Wednesday, March 20, 2024 7pm to 9pm
About this Event
Join us for a special event hosted by the Global Perspectives on Migration and Displacement Working Group.
Experience two thought-provoking films by Ariella Aïsha Azoulay:
Stay for an engaging panel discussion featuring Ariella Aïsha Azoulay, Susan Slyomovics, Muriam Haleh Davis, and Michael Zalta.
Wednesday, March 20, 7 pm, SCA 112
Un-Documented shows that statues do not die, as Alain Resnais and Chris Marker claimed in their film Les statues meurent aussi. Focusing on plundered objects in European museums and listening to the call of asylum seekers to enter European countries, the countries of their former colonizing powers, the film defends the idea that formerly colonized people’s rights are inscribed in these objects, which are actually their documents.
The World Like a Jewel in the Hand travels over open books, looted objects, and postcards to look for the imperial foundations of the world in which we live. Within this wide landscape it focuses on
the destruction of the Jewish Muslim world that existed in North Africa, making it imaginable and inhabitable again. Narrated in the first person, by an Algerian Jew and a Palestinian Jew, the film refuses imperial histories of those places.

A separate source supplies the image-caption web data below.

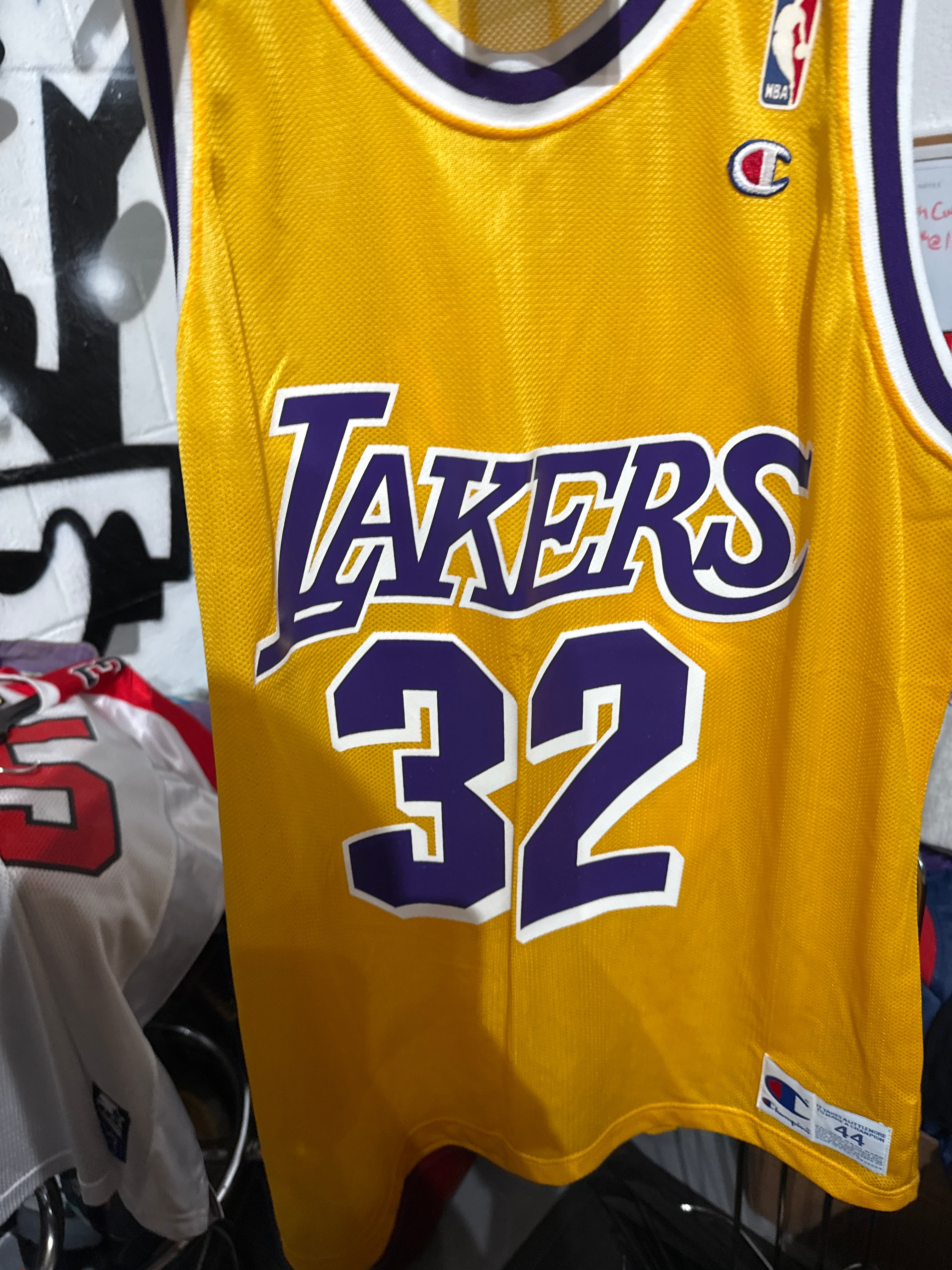 VTG Lakers M. Johnson Jersey 44 L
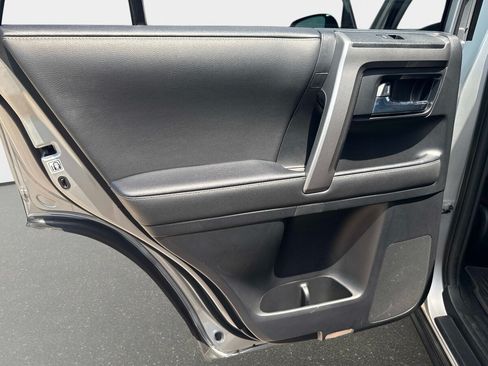 Used 2023 Toyota 4Runner SR5 Premium w/ Moonroof Package RWD image 11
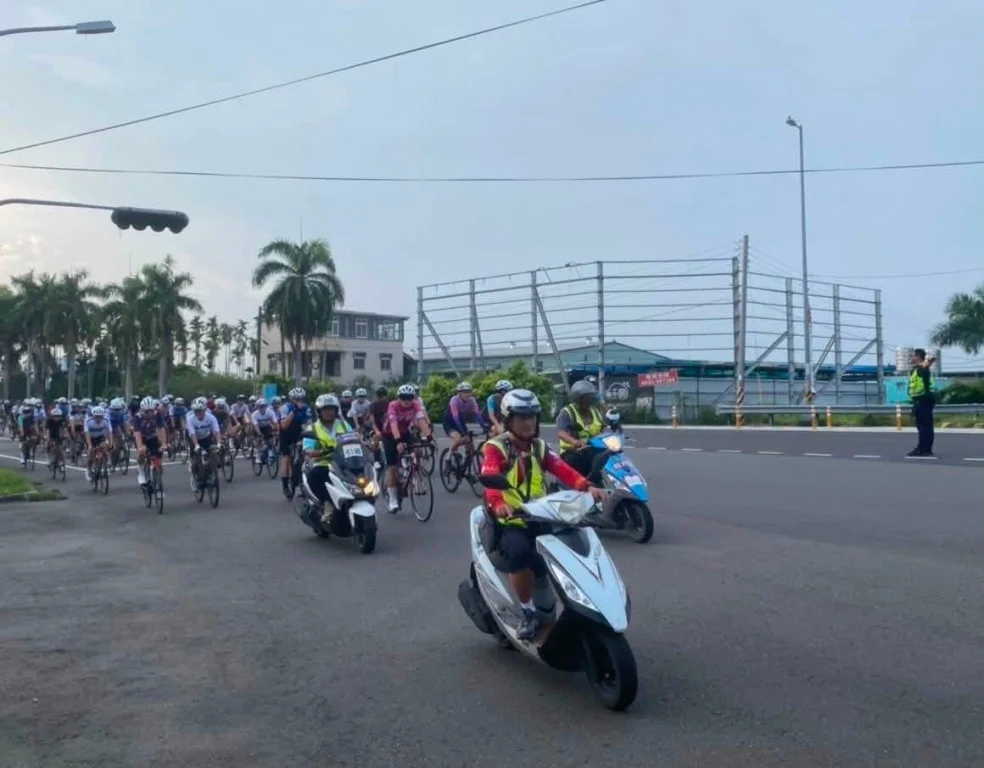 2026南投百K自行車漫遊熱力登場!草屯警暖心守護車友低碳騎行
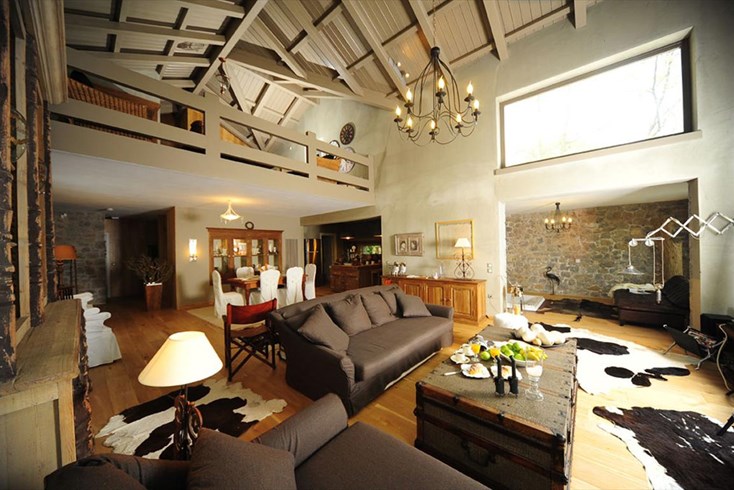 Realty photo 3
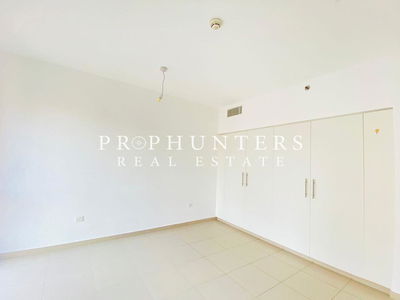 Zahra Breeze Apartments 4A, United Arab Emirates  Zahra Breeze Apartments 4A, United Arab Emirates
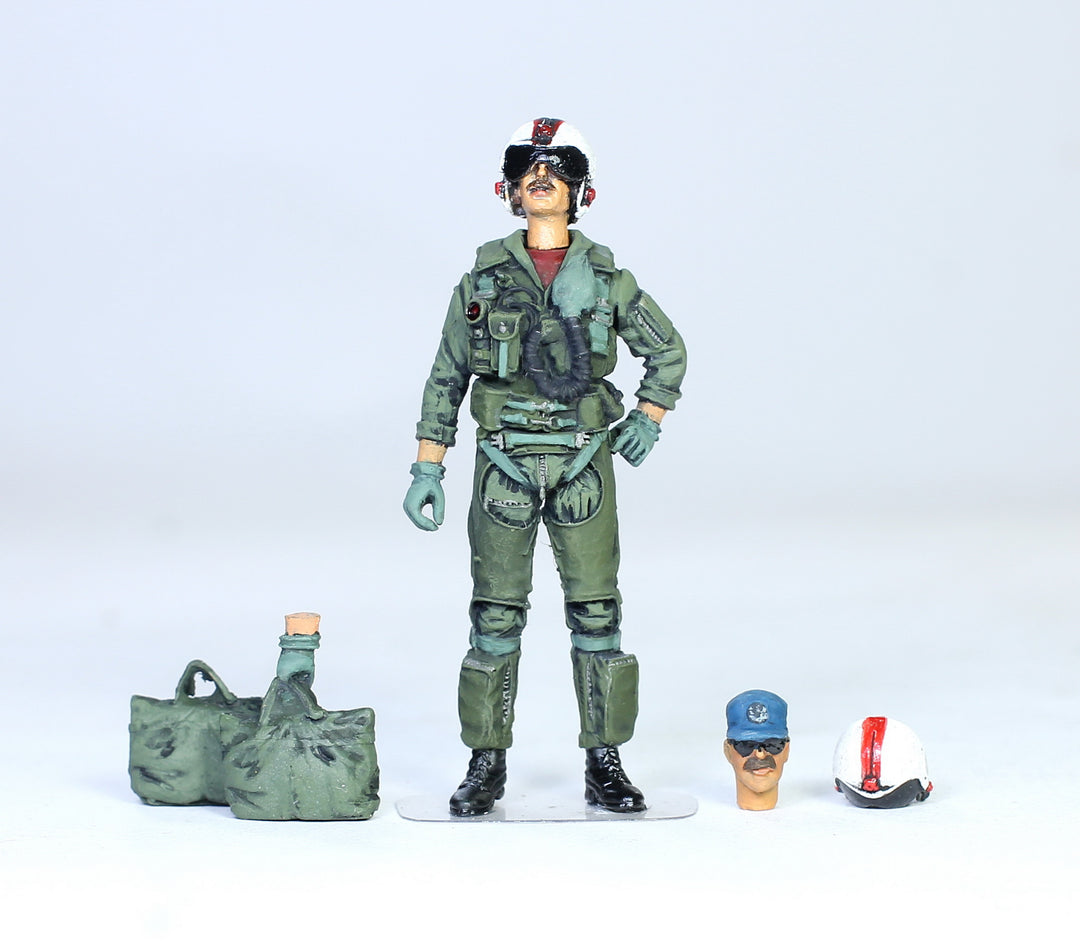Modern US Navy Fighter Pilot , 1/32 Scaled Ratio – ProBuiltModel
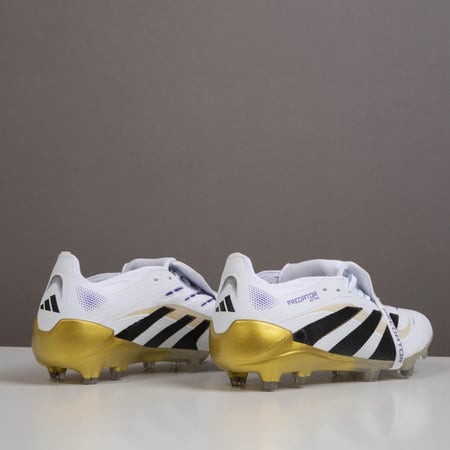 جزمة كرة قدم Adidas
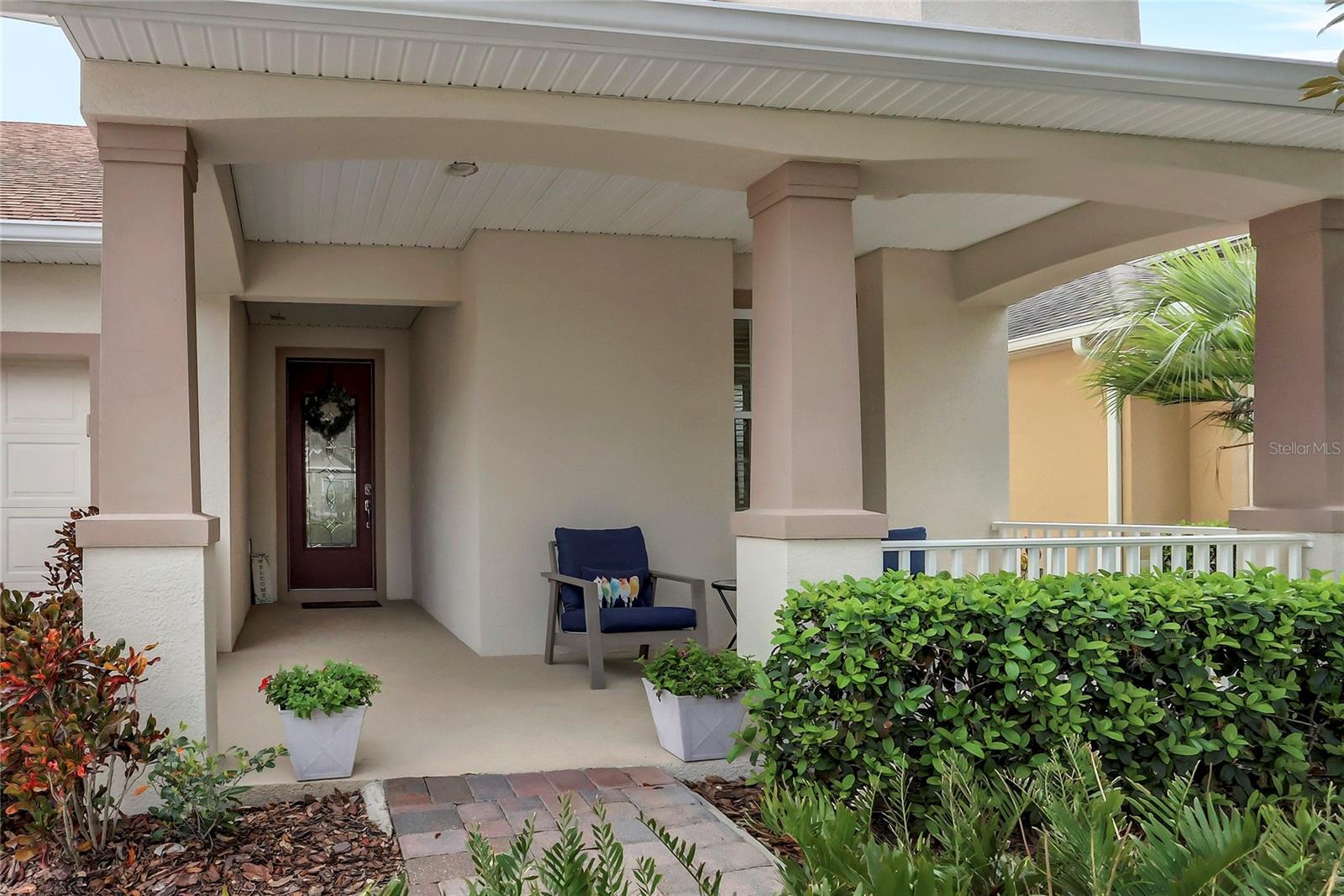 1379 HAZELDENE MANOR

Ariella Aïsha Azoulay is Professor of Modern Culture and Media and Comparative Literature at Brown University. A curator and film essayist, she is the author of The Jewelers of the Ummah -Potential History of the Jewish Muslim World and The Civil Contract of Photography.
Ariella Aïsha Azoulay will join via Zoom
Muriam Haleh Davis is Associate Professor of History at UCSC. She is the author of Markets of Civilization: Islam and Racial Capitalism in Algeria.
Susan Slyomovics is Distinguished Professor of Anthropology and Near Eastern Languages & Cultures at UCLA. She is the author of Monuments Decolonized: Algeria’s French Colonial Heritage.
Michael Zalta is an LA-based writer, producer, and PhD student in Comparative Studies in Literature and Culture at USC.